:: Information provided ::
....

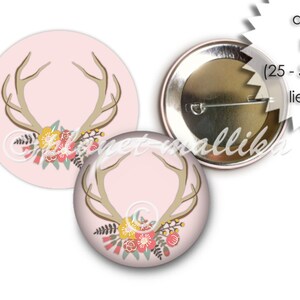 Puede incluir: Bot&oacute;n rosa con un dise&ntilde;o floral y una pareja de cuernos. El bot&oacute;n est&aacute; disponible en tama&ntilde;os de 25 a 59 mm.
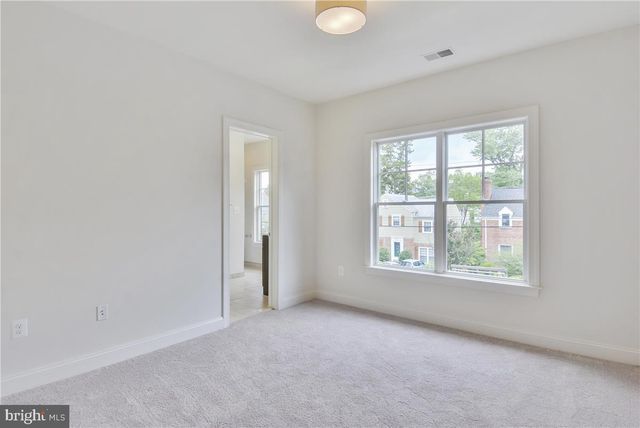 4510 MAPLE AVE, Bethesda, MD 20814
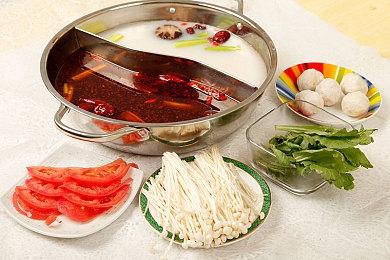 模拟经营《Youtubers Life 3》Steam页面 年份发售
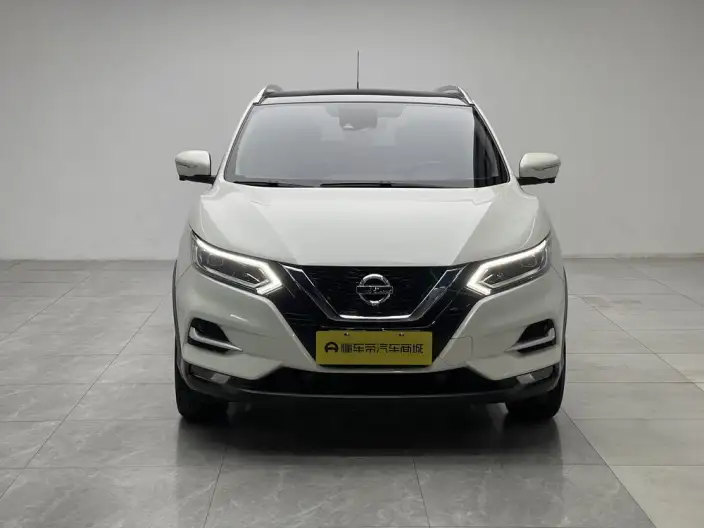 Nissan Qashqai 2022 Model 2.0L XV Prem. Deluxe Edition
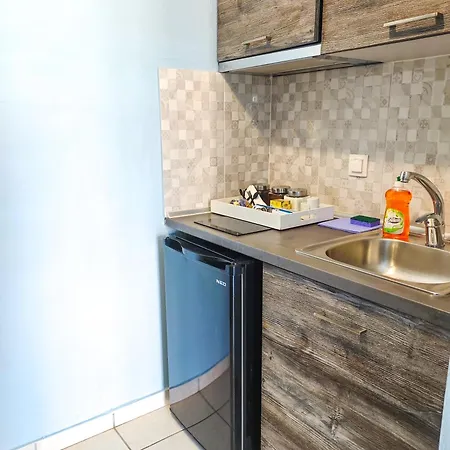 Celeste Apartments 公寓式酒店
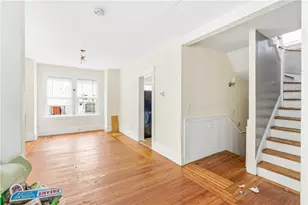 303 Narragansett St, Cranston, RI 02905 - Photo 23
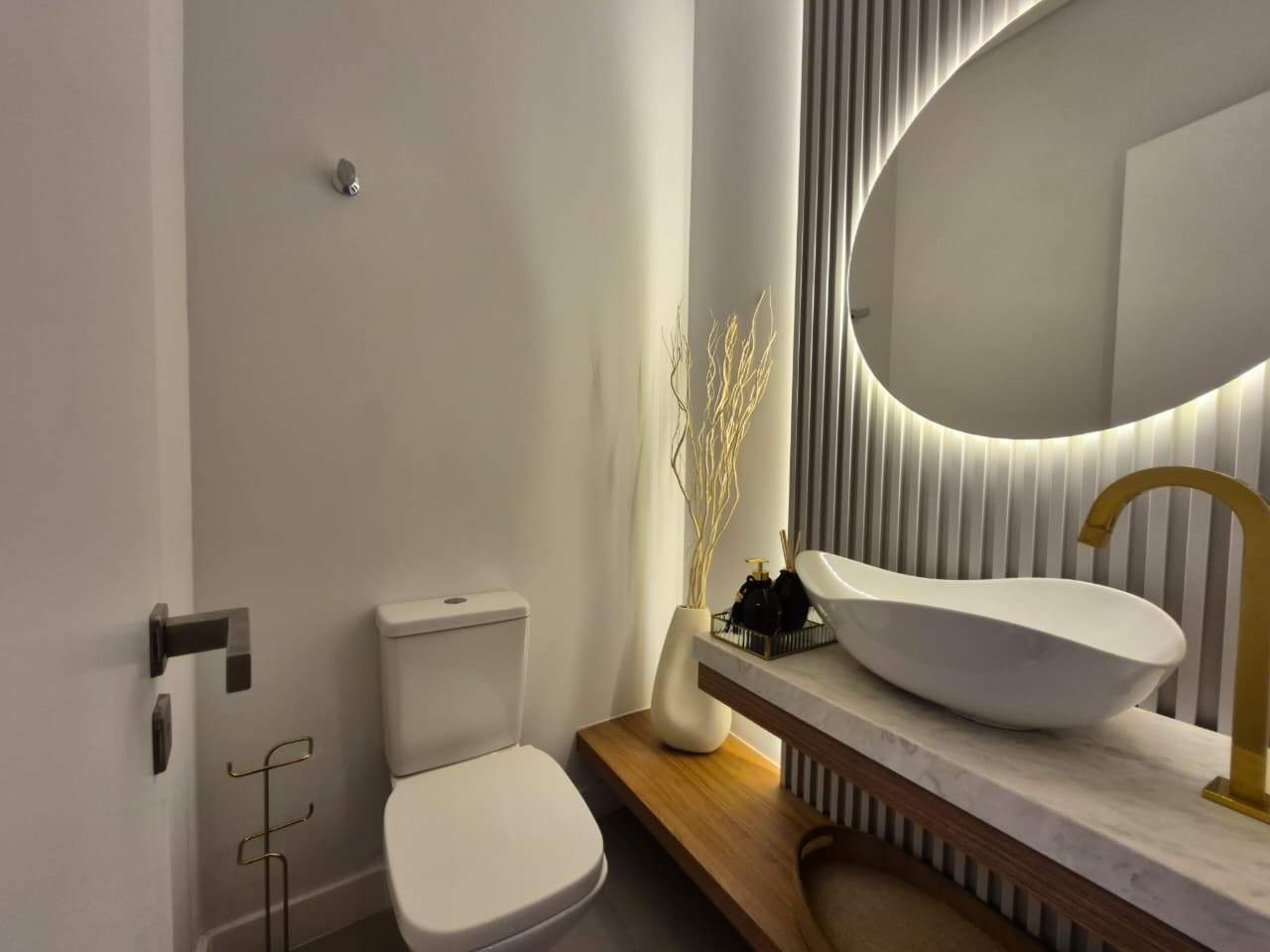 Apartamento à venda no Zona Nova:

....

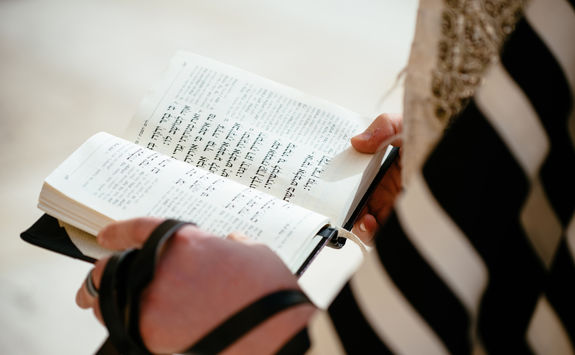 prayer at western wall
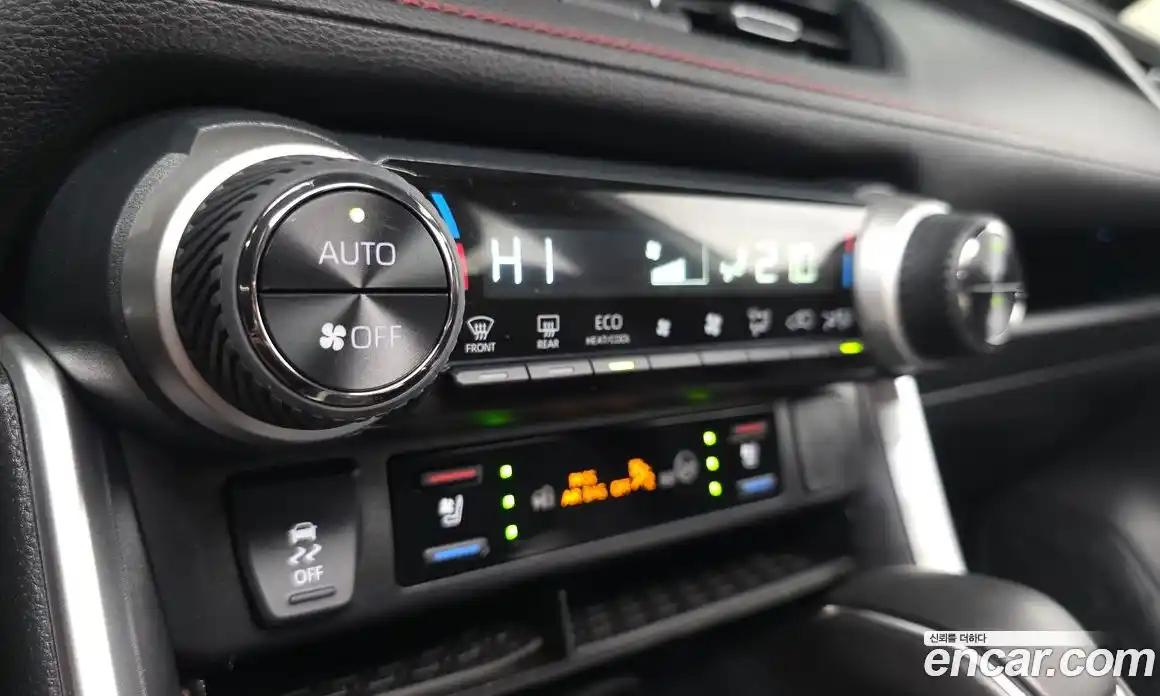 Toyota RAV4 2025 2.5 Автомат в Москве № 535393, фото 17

....

:: What to work on ::
Copy word for word the lines of the records above from the one with "prayer at western wall" up to and including the one with "Toyota RAV4 2025". Skip the pictures.

:: Problem solution ::
 prayer at western wall
 Toyota RAV4 2025 2.5 Автомат в Москве № 535393, фото 17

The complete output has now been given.